Louise M Bishop (PhD, Fordham University, 1984) is Associate Professor Emerita of Literature at the Robert D. Clark Honors College. A native of New Jersey and award-winning teacher, her academic training focused on the European Middle Ages. She has treated in both her research and her teaching fourteenth- and fifteenth-century Middle English poetry and prose, including the poetry and prose of Geoffrey Chaucer, William Langland, and Reginald Pecock, along with anonymous works that abound in a manuscript era.
Her book Words, Stones and Herbs: The Healing Word in Medieval and Early Modern England (Syracuse University Press, 2007) considers ideas about and practices of healing in Middle English poetry and prose, exploring the cognitive and physical effects of words in the healing process. The “afterlives” of Chaucer and Langland in the sixteenth through nineteenth centuries, as well as medieval-themed movies and “medievalism” generally, animate her thinking. Her interests include sixteenth-century Britain, early to late, including the run-up to the Tudor dynasty and its memorialization in theatre, including Shakespeare's. She has explored conceptions of the heart and its centrality to the health of body and mind as expressed in medieval and early modern literature.
Bishop has developed graduate and undergraduate courses on the medieval dream vision, Middle English mystics, medieval movies, medieval travel—pilgrimage and crusade, medievalism, and medieval healing under such titles as “Inventing the Middle Ages” and “The Idea of the Vernacular.” In 1996 Bishop taught for the UO in Avignon, France.
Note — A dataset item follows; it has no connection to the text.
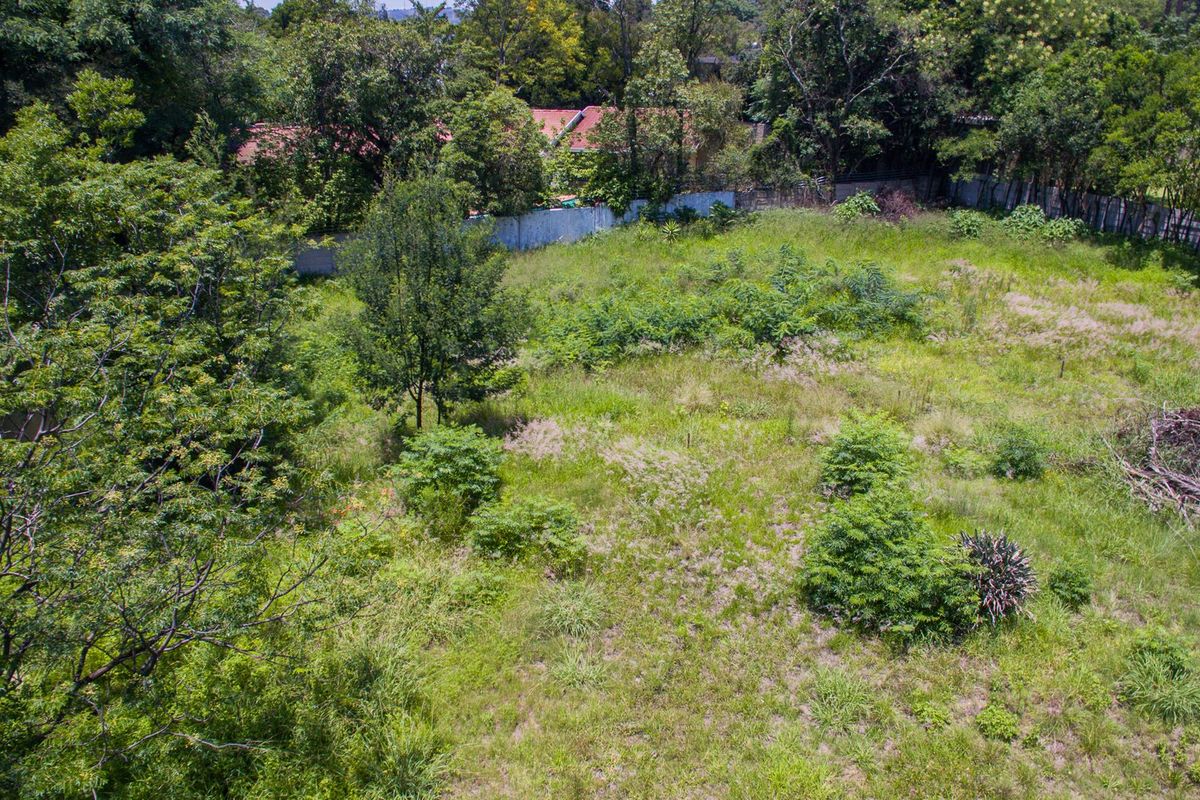 PRIME LAND FOR SALE IN THE HEART OF SENDERWOOD - Photo 2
In concert with Keble College, University of Oxford, she developed and supervised the Clark Honors College's tutorial-based Trinity-term CHC@Oxford program from 2014 through 2018.
Besides serving as Associate Dean of the CHC three times (2008-2011; 2013-2014; 2016-2017), Bishop's professional activity has included travel to several European countries; Accra, Ghana; Rio de Janeiro, Brazil; and the states of Kerala and Tamil Nadu in India.